* [Work task] Every line below needs to be printed again exactly, without any of its pictures.

* [Task data]
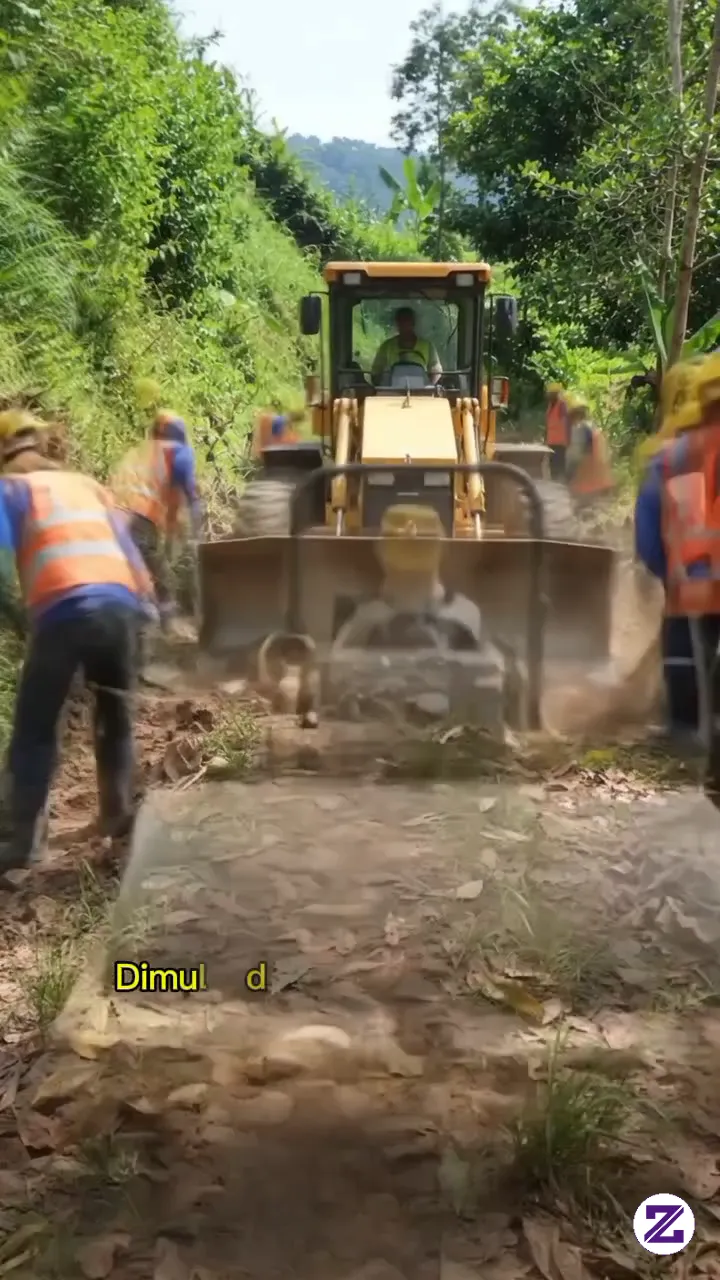 Timelapse Pembangunan Jalan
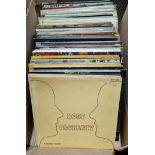 A box of LPs.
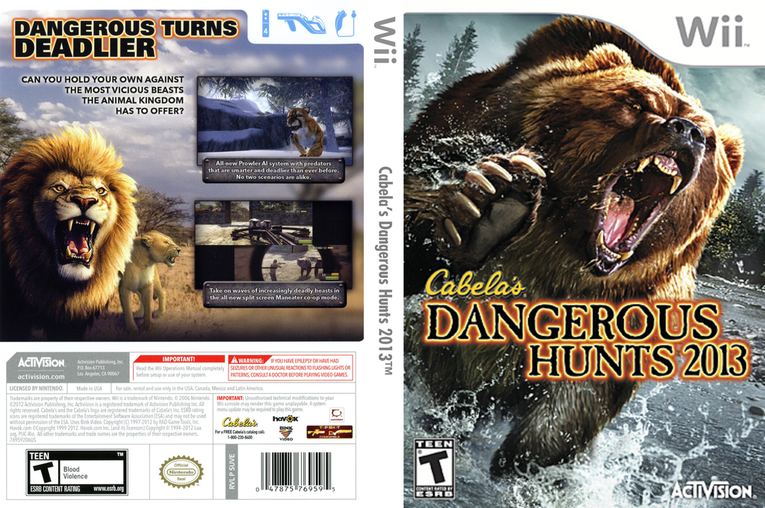 Cabela's Dangerous Hunts 2013 - Wii  (CIB)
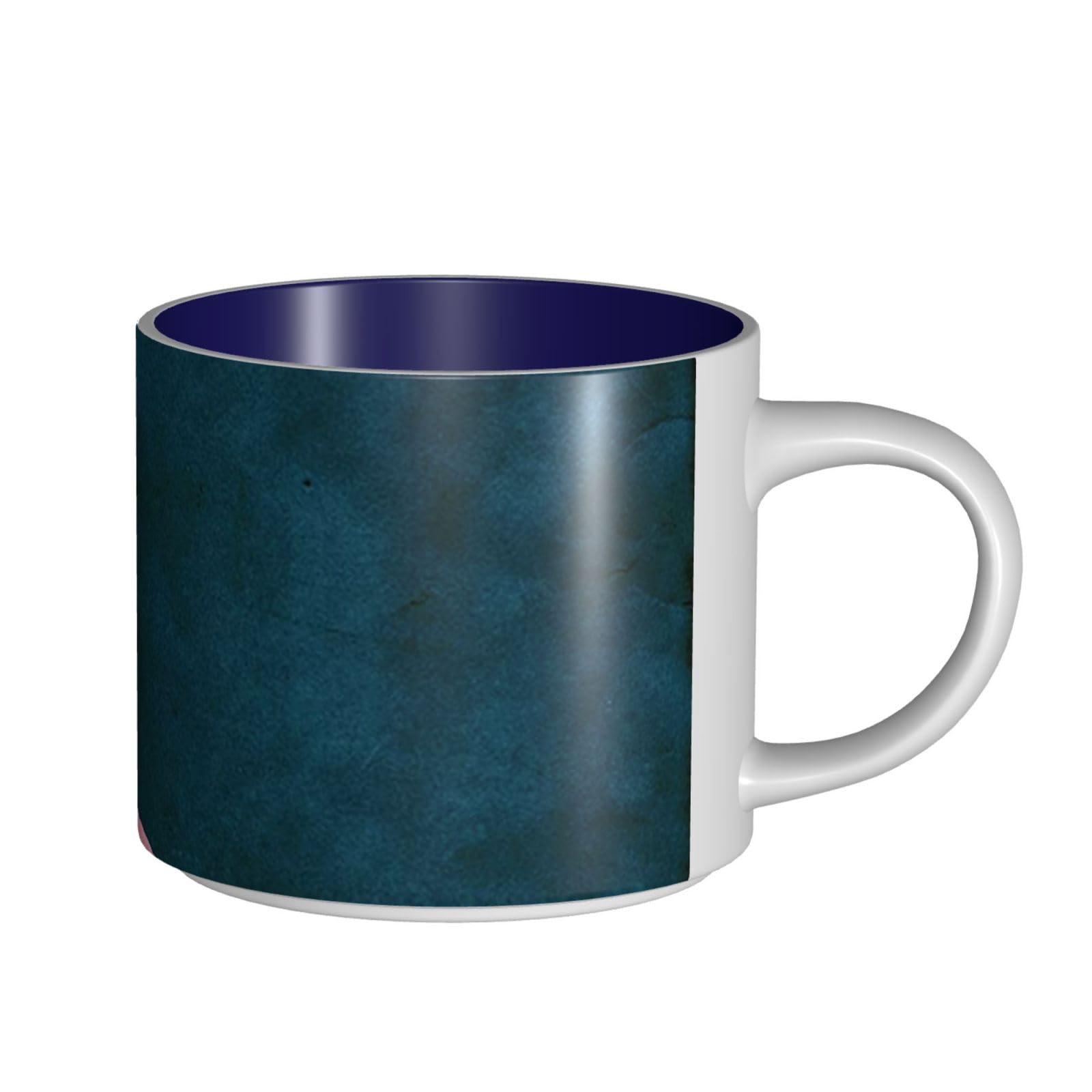 Halloween Flamingo Hexenhut bedruckte große Kapazität Keramik Tassen Kaffeetasse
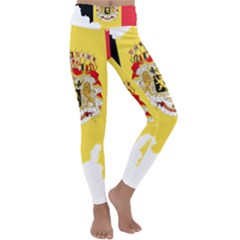 Belgium Country Europe Flag Kids  Lightweight Velour Classic Yoga Leggings by Sapixe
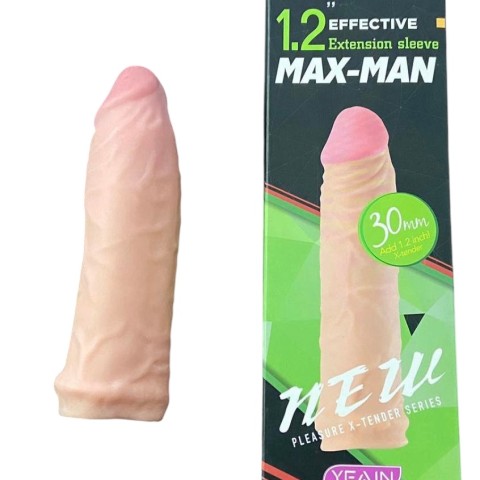 Bao cao su đôn dên Max Man tăng 3cm Bao cao su đôn dên Max Man tăng 3cm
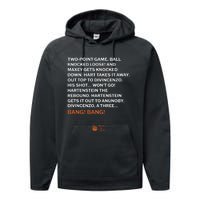 Two Point Game Ball Knocked Loose And Maxey Gets Knocked Down Bang Bang Performance Fleece Hoodie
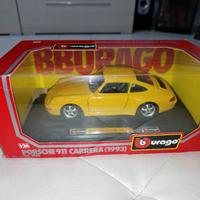 Porsche 911 Carrera 1993 Burago Bburago Vintage 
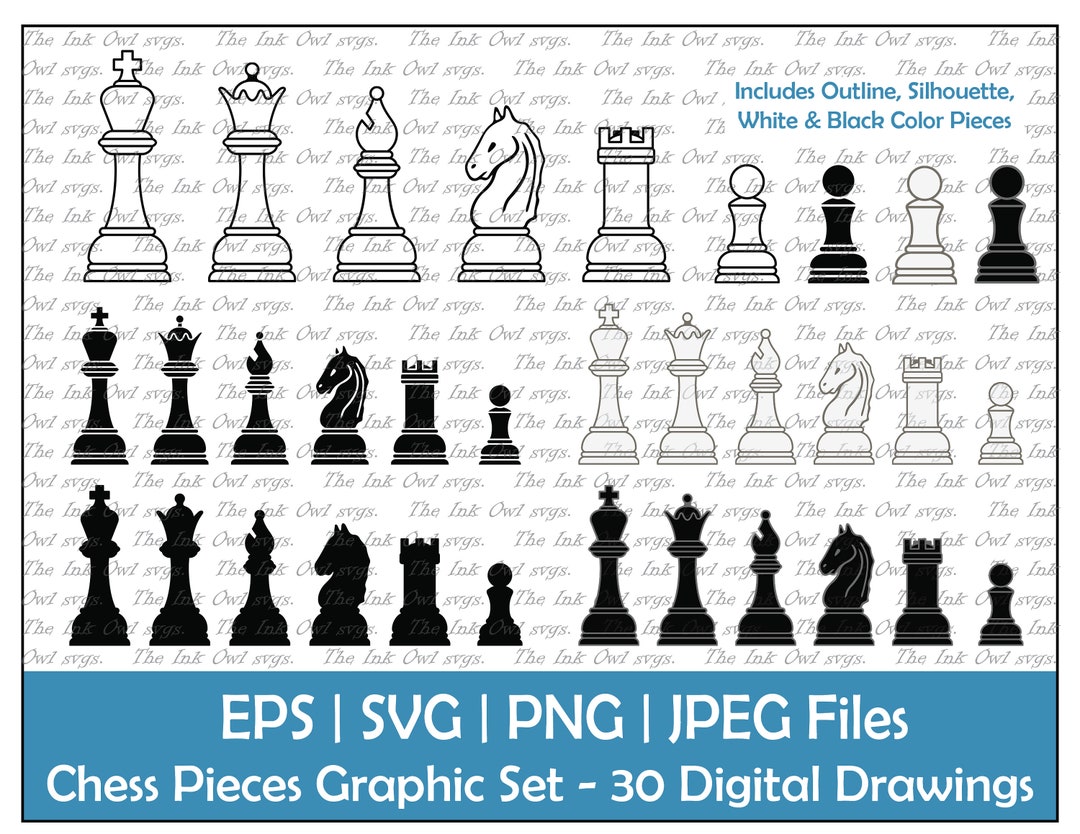 Chess Svg, Chess Split Frame Svg, Chess Pieces Svg, Pawn, Knight Svg, Queen  Svg, Rook Svg, Chess Board Clipart, Silhouette Cricut Cut File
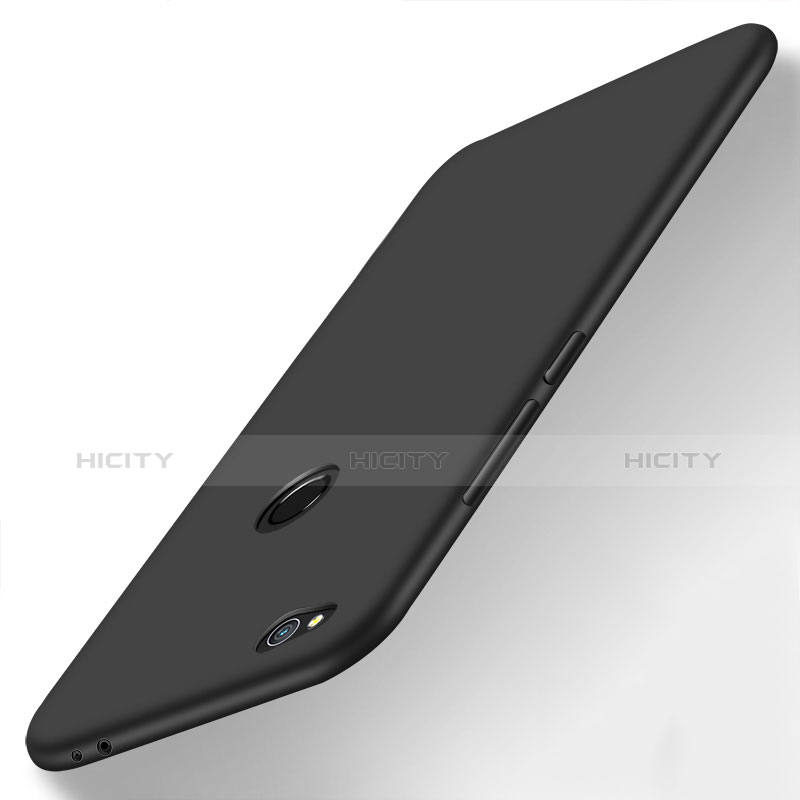 Funda Silicona Ultrafina Goma S02 para Huawei P8 Lite (2017) Negro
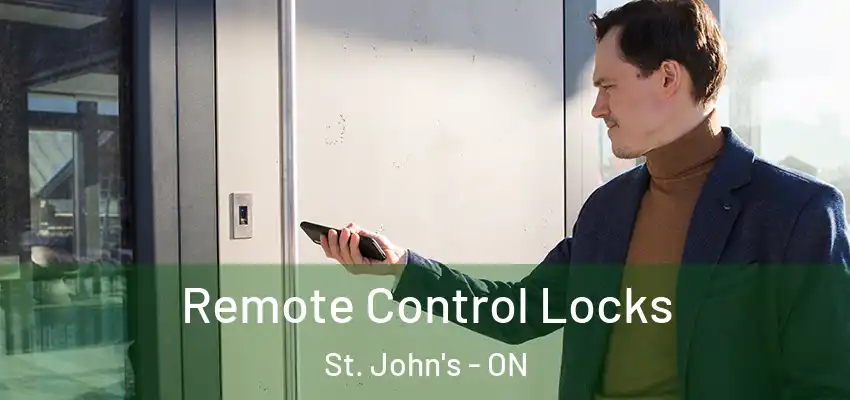  Remote Control Locks St. John's - ON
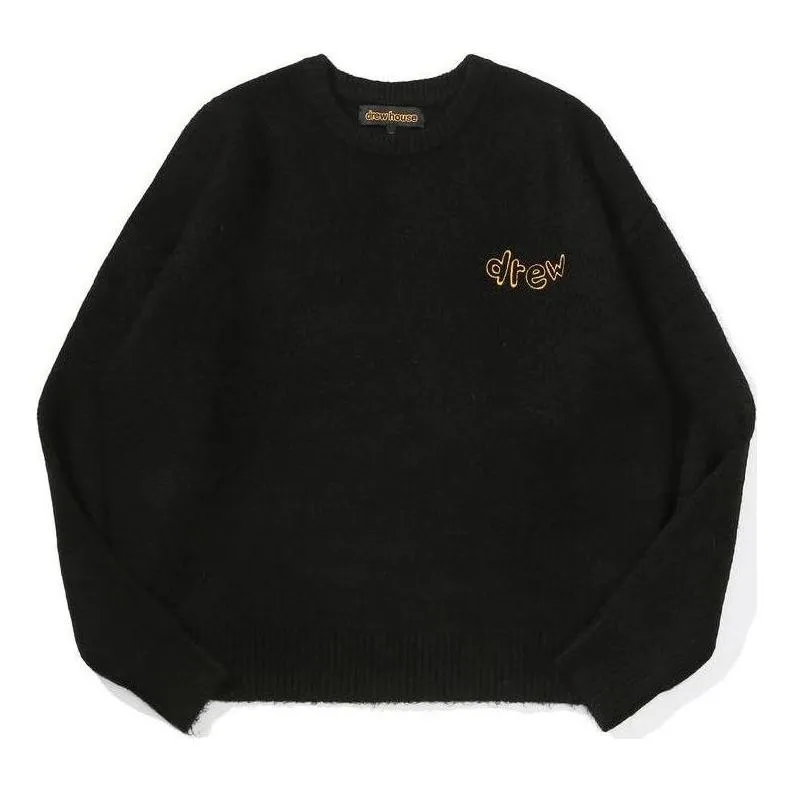 Drew House Drew Script Sweater 'Black' DR-FW21-119 sold by KicksCrew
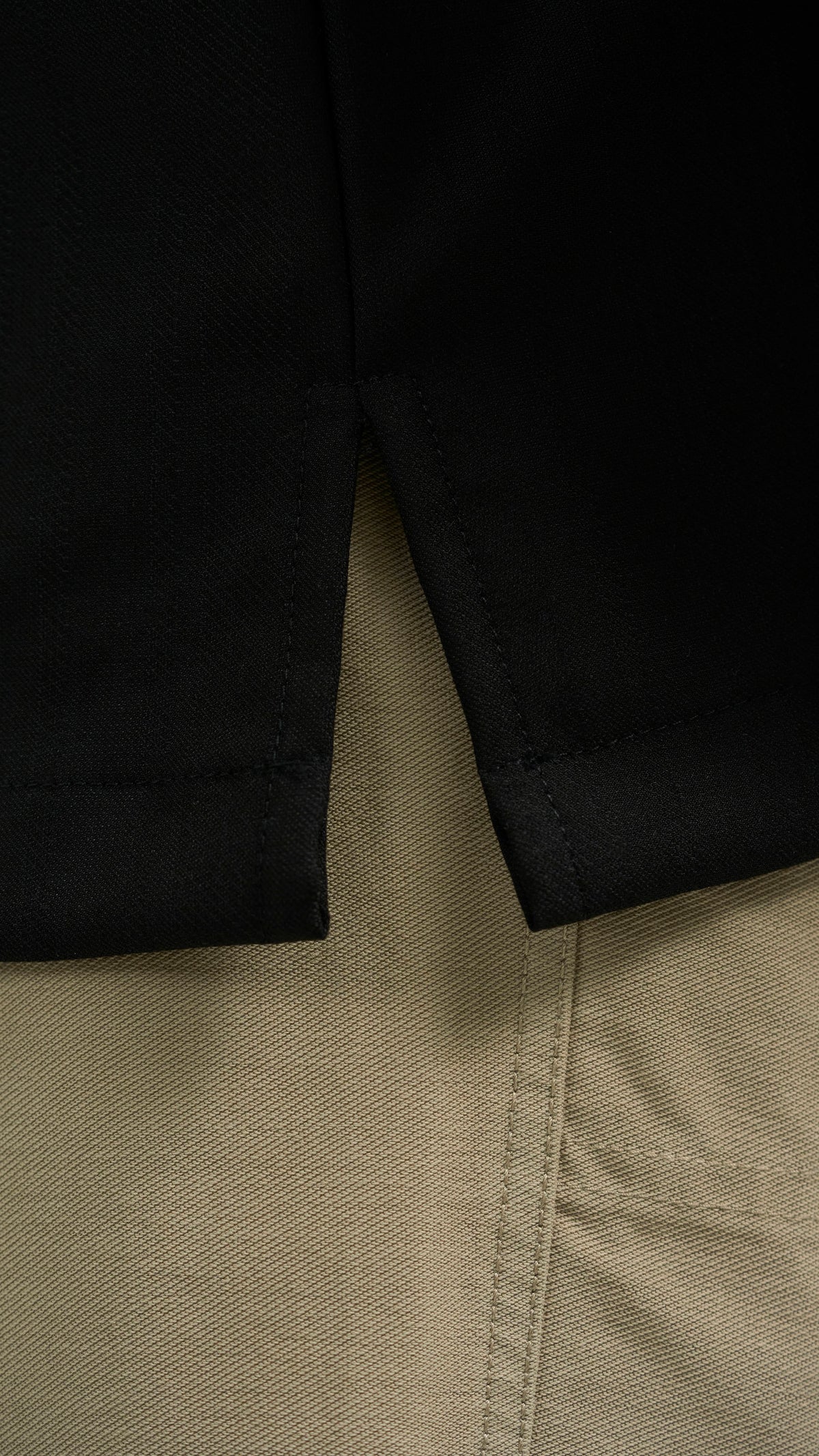 Tasor Modern Fit Collared Quarter Sleeve Top - Black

* [Answer space]
 Timelapse Pembangunan Jalan
 A box of LPs.
 Cabela's Dangerous Hunts 2013 - Wii  (CIB)
 Halloween Flamingo Hexenhut bedruckte große Kapazität Keramik Tassen Kaffeetasse
 Belgium Country Europe Flag Kids  Lightweight Velour Classic Yoga Leggings by Sapixe
 Bao cao su đôn dên Max Man tăng 3cm Bao cao su đôn dên Max Man tăng 3cm
 Two Point Game Ball Knocked Loose And Maxey Gets Knocked Down Bang Bang Performance Fleece Hoodie
 Porsche 911 Carrera 1993 Burago Bburago Vintage 
 Chess Svg, Chess Split Frame Svg, Chess Pieces Svg, Pawn, Knight Svg, Queen  Svg, Rook Svg, Chess Board Clipart, Silhouette Cricut Cut File
 Funda Silicona Ultrafina Goma S02 para Huawei P8 Lite (2017) Negro
  Remote Control Locks St. John's - ON
 Drew House Drew Script Sweater 'Black' DR-FW21-119 sold by KicksCrew
 Tasor Modern Fit Collared Quarter Sleeve Top - Black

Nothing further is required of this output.